Le clergé expia cruellement les sympathies qu’il avait montrées à « l’armée catholique ». L’occasion était bonne de mater définitivement les « coquins sacerdotaux ». Le 4 novembre 1798, un mois avant la fin des troubles, neuf arrêtés collectifs conçus dans les mêmes termes, accusant les « prêtres et moines des départements réunis » de s’être montrés les plus cruels ennemis de la France, d’avoir « avili les institutions républicaines, aigri les passions…, dénoncé les fonctionnaires publics au poignard des assassins… et organisé l’insurrection générale qui vient d’éclater dans ces contrées », condamnaient à la déportation 7,478 d’entre eux. On n’en put saisir que quatre à cinq cents qui furent internés aux îles de Ré et d’Oléron[1]. Pêle-mêle on avait inscrit sur les listes tous les prêtres insermentés, et l’énormité même du chiffre des bannis ne permettait pas de songer à les atteindre tous.

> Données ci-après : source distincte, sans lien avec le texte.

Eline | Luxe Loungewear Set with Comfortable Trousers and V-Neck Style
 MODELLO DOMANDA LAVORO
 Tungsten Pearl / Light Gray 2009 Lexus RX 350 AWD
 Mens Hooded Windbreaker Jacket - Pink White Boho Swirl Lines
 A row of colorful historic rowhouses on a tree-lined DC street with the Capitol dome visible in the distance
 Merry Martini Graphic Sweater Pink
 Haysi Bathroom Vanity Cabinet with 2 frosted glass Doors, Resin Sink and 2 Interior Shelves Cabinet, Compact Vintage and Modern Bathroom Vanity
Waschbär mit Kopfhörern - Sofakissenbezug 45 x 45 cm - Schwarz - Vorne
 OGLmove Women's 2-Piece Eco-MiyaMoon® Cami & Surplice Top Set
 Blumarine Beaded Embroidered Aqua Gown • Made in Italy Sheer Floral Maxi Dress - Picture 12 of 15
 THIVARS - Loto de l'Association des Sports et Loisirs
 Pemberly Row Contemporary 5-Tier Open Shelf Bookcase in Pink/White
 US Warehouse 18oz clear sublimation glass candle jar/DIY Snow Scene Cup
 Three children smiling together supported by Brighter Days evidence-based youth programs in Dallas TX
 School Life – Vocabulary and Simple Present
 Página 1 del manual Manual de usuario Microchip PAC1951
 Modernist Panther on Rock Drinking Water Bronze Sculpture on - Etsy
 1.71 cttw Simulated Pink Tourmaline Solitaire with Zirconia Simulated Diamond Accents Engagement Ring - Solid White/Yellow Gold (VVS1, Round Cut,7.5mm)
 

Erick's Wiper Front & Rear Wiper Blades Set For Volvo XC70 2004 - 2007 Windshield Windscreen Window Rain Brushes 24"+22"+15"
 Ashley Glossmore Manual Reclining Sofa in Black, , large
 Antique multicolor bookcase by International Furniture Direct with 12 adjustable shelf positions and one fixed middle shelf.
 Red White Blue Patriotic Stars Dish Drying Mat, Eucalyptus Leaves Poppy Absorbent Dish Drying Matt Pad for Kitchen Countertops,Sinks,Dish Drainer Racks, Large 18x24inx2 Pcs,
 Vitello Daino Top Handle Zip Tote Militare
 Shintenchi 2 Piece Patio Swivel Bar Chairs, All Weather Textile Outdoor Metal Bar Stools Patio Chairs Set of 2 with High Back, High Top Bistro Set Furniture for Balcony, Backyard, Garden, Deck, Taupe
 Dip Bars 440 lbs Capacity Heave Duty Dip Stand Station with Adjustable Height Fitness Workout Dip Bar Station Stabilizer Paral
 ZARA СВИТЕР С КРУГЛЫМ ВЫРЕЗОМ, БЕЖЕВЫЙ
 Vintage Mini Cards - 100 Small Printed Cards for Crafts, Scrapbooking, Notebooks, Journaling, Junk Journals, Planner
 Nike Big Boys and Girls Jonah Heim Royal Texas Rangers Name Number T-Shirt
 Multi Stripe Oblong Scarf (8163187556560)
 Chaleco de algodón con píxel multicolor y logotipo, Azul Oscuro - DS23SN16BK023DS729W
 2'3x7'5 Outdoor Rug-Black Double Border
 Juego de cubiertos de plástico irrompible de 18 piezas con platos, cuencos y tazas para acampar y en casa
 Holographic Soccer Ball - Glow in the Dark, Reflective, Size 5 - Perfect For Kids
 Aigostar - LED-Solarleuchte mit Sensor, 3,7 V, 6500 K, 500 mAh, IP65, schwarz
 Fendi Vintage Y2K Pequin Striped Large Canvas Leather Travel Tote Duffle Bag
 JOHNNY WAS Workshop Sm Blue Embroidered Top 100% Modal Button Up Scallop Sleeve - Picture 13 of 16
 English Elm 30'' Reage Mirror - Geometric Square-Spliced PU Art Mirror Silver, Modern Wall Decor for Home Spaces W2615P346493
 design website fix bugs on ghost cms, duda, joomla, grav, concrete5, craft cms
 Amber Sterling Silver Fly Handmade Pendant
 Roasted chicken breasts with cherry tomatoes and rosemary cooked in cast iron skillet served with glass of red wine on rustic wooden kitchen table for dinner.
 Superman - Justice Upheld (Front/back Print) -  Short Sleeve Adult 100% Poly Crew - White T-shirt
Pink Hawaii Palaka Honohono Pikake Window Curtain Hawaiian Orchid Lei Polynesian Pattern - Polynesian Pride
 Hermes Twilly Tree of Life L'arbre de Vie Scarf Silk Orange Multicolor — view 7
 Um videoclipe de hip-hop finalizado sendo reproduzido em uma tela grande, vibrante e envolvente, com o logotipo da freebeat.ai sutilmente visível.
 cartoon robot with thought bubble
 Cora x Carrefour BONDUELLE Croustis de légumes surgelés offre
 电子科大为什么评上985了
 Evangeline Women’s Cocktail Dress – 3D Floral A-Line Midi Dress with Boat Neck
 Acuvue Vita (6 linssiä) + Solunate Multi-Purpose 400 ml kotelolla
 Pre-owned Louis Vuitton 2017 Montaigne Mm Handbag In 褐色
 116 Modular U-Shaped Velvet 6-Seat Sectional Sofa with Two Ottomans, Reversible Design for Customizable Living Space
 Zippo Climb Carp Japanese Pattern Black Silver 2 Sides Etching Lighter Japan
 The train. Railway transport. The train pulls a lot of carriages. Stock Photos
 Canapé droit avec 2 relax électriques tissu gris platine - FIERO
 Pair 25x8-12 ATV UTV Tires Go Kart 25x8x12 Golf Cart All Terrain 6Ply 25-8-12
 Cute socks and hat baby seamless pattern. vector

Évidemment, on avait voulu terroriser et forcer au silence ce clergé indomptable. Les autorités municipales, parfois même les Commissaires départementaux chargés de l’exécution des arrêtés ne les appliquèrent qu’avec mollesse sinon avec répugnance. Si quelques-uns firent du zèle, beaucoup fermèrent les yeux et laissèrent les habitants cacher leurs prêtres. « On ne sait lequel doit le plus surprendre, écrivait le Commissaire du département des

  1. De la Gorce, op. cit., t. IV, page 264 et suiv. ; Lanzac de Laborie, op. cit., t. I, p. 237 et suiv. ; Victor Pierre, op. cit. ; A. Thys, La persécution religieuse sous le Directoire (Anvers, 1898). Sur l’existence des déportés, voy. le curieux journal de A. de Braeckenier, Description de la route et du lieu d’exil, publ. par A. de Mets (Anvers, 1913).